Une tempête a soufflé en septembre dernier en Israël, vent pourtant peu relayé en France : Tempête de Sable a remporté six Ophirs, l’équivalent israélien des Césars, dont ceux du meilleur film et de la meilleure réalisatrice, après avoir gagné le Grand Prix à Sundance dans la section « films étrangers ». Tempête, parce qu’Israël a choisi un film en langue arabe – le dialecte des bédouins du désert du Néguev – pour le représenter aux Oscars cette année. Ce sable n’est pas seulement celui du village où l’intrigue se déroule, c’est aussi celui, plus symbolique, des traditions qui ensablent les protagonistes de ce film.

Un jeu de miroirs étudié

Dès les premières minutes du film, le spectateur est plongé dans un drame intérieur : Jalila voit son mari Suleiman épouser une deuxième femme, Tasnim, et doit ravaler son humiliation afin d’organiser l’accueil de sa nouvelle rivale. Une fois cette pilule avalée, elle découvre que sa fille aînée, Layla, fréquente un autre étudiant de son université, Anuar, condisciple de l’université de Beer-Shev’a. Bien qu’à quelques minutes de la ville, les traditions villageoises interdisent à Layla de fréquenter un étranger à la tribu, sans quoi elle ferait honte à sa famille. Au contraire, Layla doit se soumettre à la décision de son père, qui ne fait – prétexte-t-il – que suivre la coutume, à savoir enjoindre sa fille d’épouser un homme de la tribu, afin qu’elle ne quitte pas le village.

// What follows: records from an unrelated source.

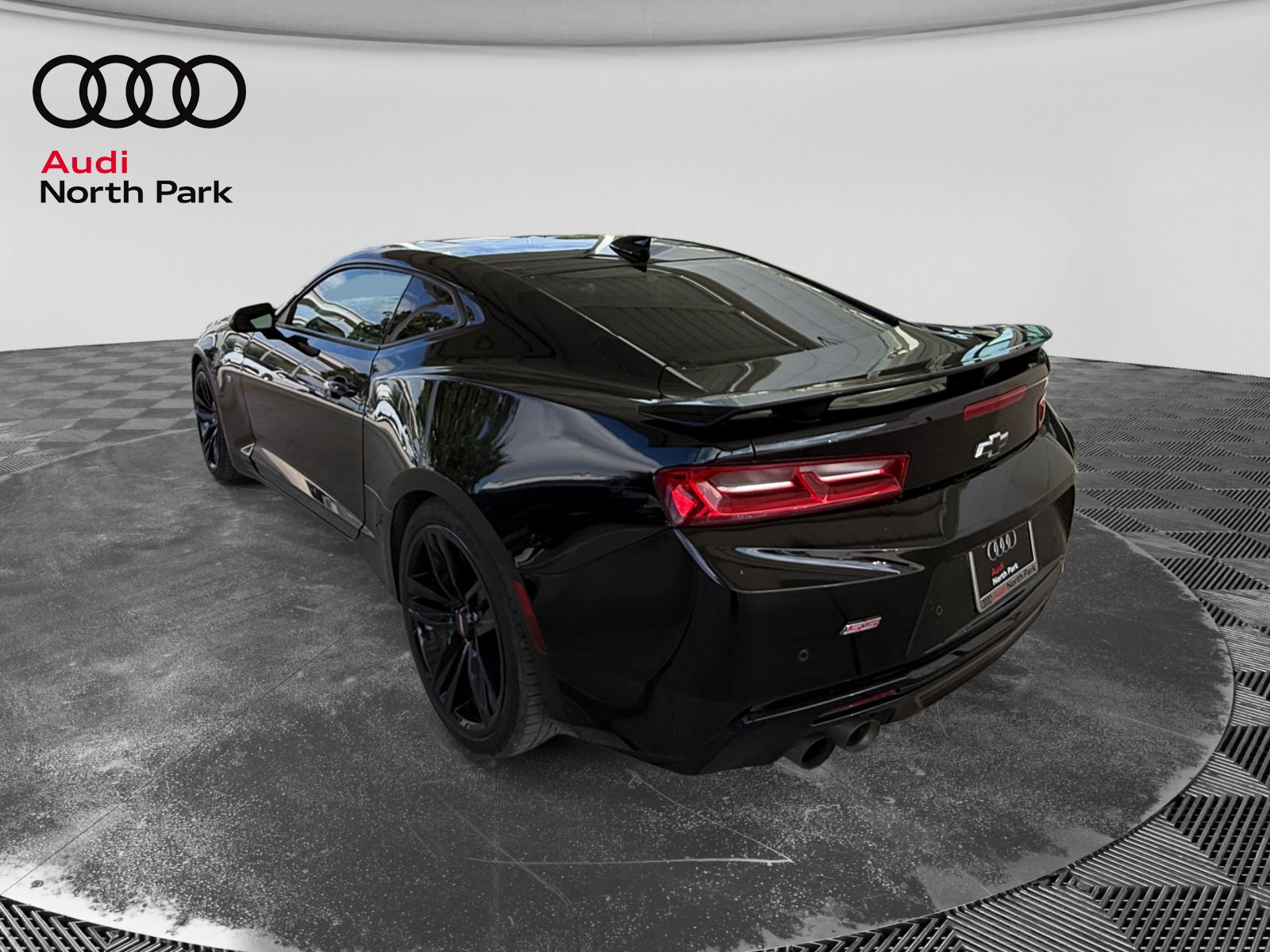 Used 2018 Chevrolet Camaro SS RWD image 3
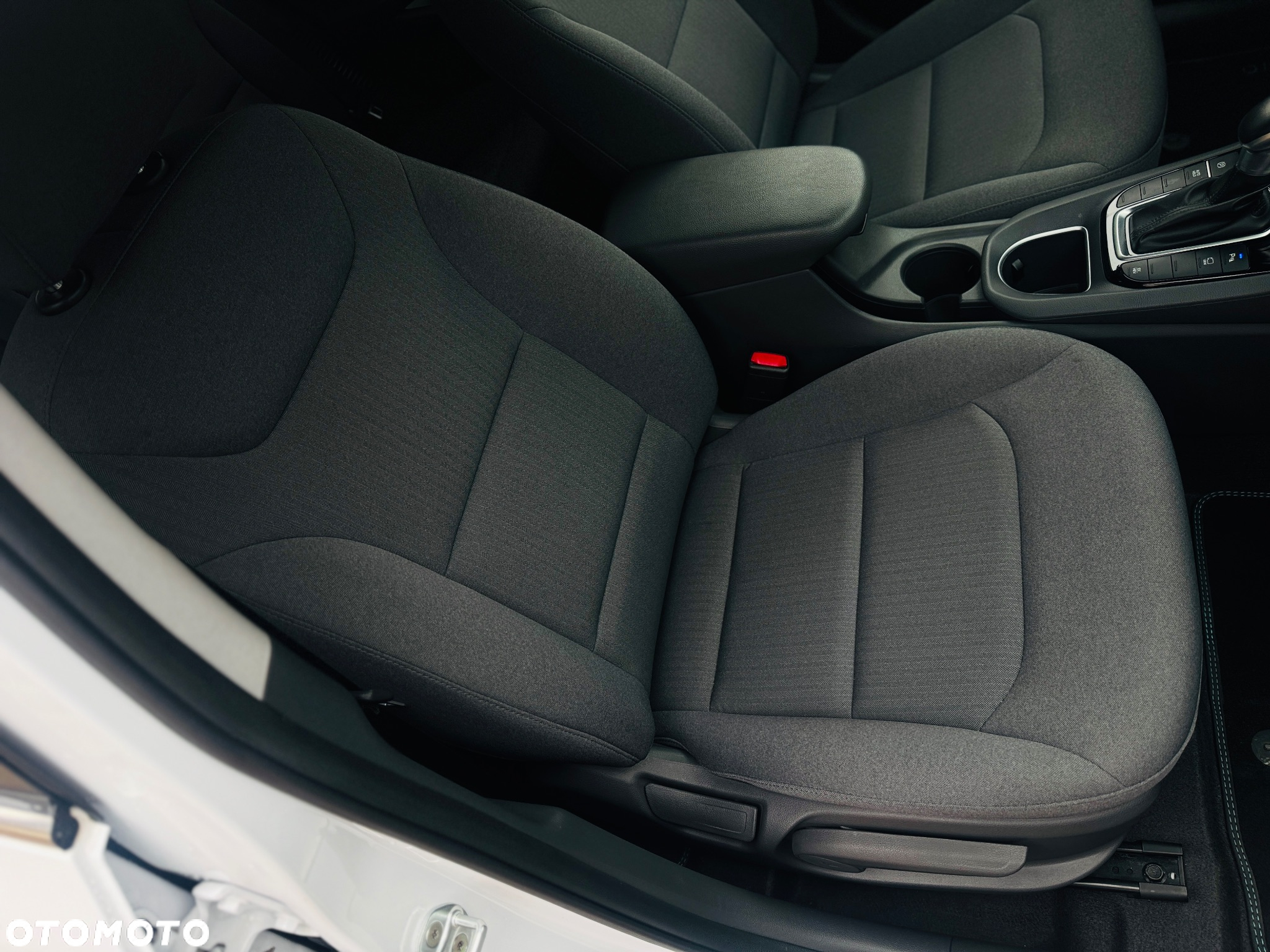Hyundai IONIQ Plug-in-Hybrid 1.6 GDI Premium - 9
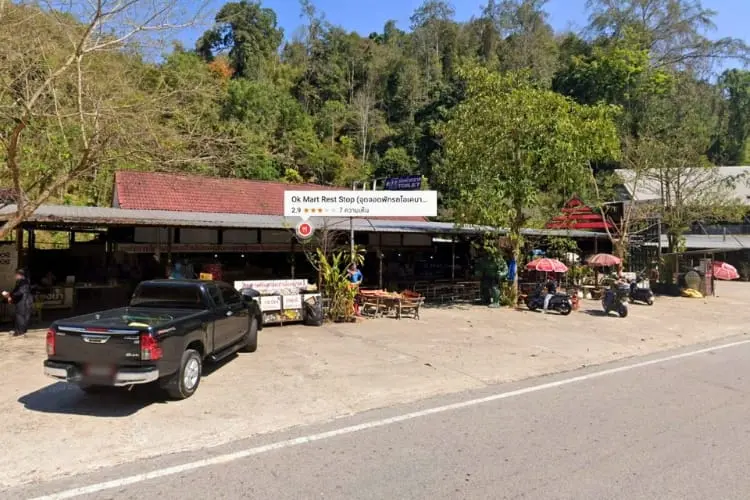 รถตู้จอดพักที่ OK Mart จุดพักกลางทางจากเชียงใหม่ไปปาย | Van stopping for a break at OK Mart, mid-way from Chiang Mai to Pai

Les parents, conscients du poids qui pèse sur leur jeune fille, s’interrogent sur la conduite à tenir afin de la préserver – tout en restant fidèle à leurs mœurs. Jalila, qui très vite s’affirme comme une femme forte, souffre de partager son époux, et hésite à interdire un amour libre à sa fille ; Suleiman, qui est conscient de ce qu’il impose à sa femme et à sa fille, désire toutefois garder la face aux yeux des hommes du village ; Layla veut vivre sa vie sans pour autant hypothéquer l’unité familiale. A l’écart de ce triangle de tensions, les personnages secondaires ne sauraient se réduire à de simples faire-valoir, et demeurent préservés de ce climat anxiogène : Anuar ne risque pas sa réputation, protégé par sa masculinité ; les petites sœurs de Layla ne sont que légèrement affectées, préservées par leur commune innocence ; Tasnim, empotée comme une mariée en pâte d’amande, sait son ridicule et ce pourquoi on l’a épousée.

Un sac de nœuds familial

Le film trouve sa force dans l’enchaînement des scènes qui, successivement, introduisent des nuances bienvenues. Alors que les premières minutes peignent le drame intérieur de Jalila, qui se voit surclassée par une seconde épouse plus jeune, c’est ensuite que Layla voit son histoire d’amour dévoilée à son insu. Cette succession permet à Layla de voir un avenir qu’elle veut fuir – celui de sa mère – tandis que cette dernière, consciente de sa prison, hésite à en libérer sa fille. En dépit de l’opposition radicale qui rive leurs conceptions de la femme, de l’amour, chacune aura besoin de l’autre pour sortir de sa position solitaire. Le père lui-même n’est pas insensible à l’éclatement de sa famille : le film refuse intelligemment d’en faire un phallocrate sans cœur, pour montrer au contraire la pression tribale qui s’exerce sur lui.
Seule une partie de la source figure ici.